I am tired of reading discussions of helicopter money (HM) that have the following structure:

  1. HM is like a money financed fiscal stimulus
  2. HM would threaten central bank independence
  3. So HM is a bad idea

(Admittedly here (3) is only implicit.) What these discussions never seem to ask, even when discussing (2), is why we have independent central banks (ICB) in the first place. And what they never seem to note, even in establishing (1), is that ICBs deny the possibility of a money financed fiscal stimulus (MFFS).

ICBs exist to avoid problems when politicians do macro stabilisation. But creating an ICB meansthat a MFFS is no longer possible. It could only happen through ICB/government cooperation, which would negate independence. But proponents of ICBs say this is no problem, because macro stabilisation can be done entirely by using changes in interest rates, so a MFFS is never going to be needed.

Then we hit the Zero Lower Bound. Unconventional monetary policy (e.g. QE) is a far more uncertain and unreliable stabilisation tool than fiscal policy. Which means ICBs cannot do the job there are required to do, and their existence prevents a MMFS.

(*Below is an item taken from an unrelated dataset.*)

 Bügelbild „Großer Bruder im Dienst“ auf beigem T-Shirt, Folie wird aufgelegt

To then say no problem, governments can do a bond financed fiscal expansion is to completely forget why ICBs were favoured in the first place. Politicians are not good at macroeconomic stabilisation. If you had any doubt about that, global austerity should be all the proof you need.

So demonstrating (1) does not, I repeat not, imply that ICBs do not need to do HM. Implying that it does is a bit like saying governments could set interest rates, so why do we need ICBs. Most macroeconomists would never dream of doing that, so why are they happy to use this argument with HM?

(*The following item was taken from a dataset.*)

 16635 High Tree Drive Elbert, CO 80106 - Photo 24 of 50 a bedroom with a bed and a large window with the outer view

Which brings us to (2). Now (2) is never in my experience examined with the same rigour as (1): it seems almost that just mentioning ‘fiscal dominance’ is enough to frighten the horses. The only circumstances I can see where (2) would be true is if, following HM and a subsequent upswing, the central bank finds that it runs out of assets to sell in order to keep rates high and prevent inflation exceeding its target. One obvious solution is for the government to recapitalise the central bank.

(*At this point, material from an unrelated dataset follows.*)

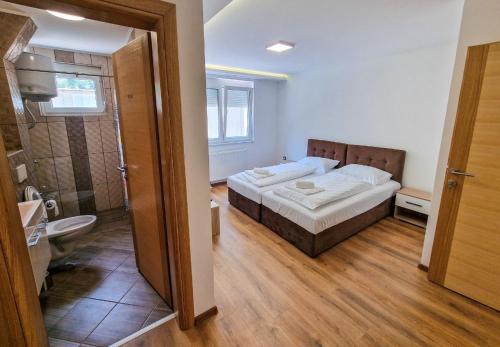 a bedroom with a bed and a bathroom with a shower at Villa Sara in Sarajevo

Does that compromise central bank independence? The Bank of England does not think so. It got the government to agree to make good any losses from QE. Have people worried that this compromises the independence of the Bank of England Of course not: no one can seriously imagine a UK government ever reneging on this commitment. So why would HM be any different?

Let me put it another way. Imagine the set of all governments that would refuse a request from an ICB for recapitalisation during a boom when inflation was rising: - governments of central bank nightmares. Now imagine the set of all governments that, in a boom with inflation rising, would happily take away the independence of the central bank to prevent it raising rates. I would suggest the two sets are identical. In other words, HM does not seem to compromise independence at all.

So please, no more elaborate demonstrations that HM is equivalent to a MFFS, as if that is an argument against HM, without even noting that ICBs prevent a MFFS. No more vague references to HM threatening independence, without being precise about why that is. And please some recognition that the whole point of ICBs is not to have to rely on governments to do macro stabilisation.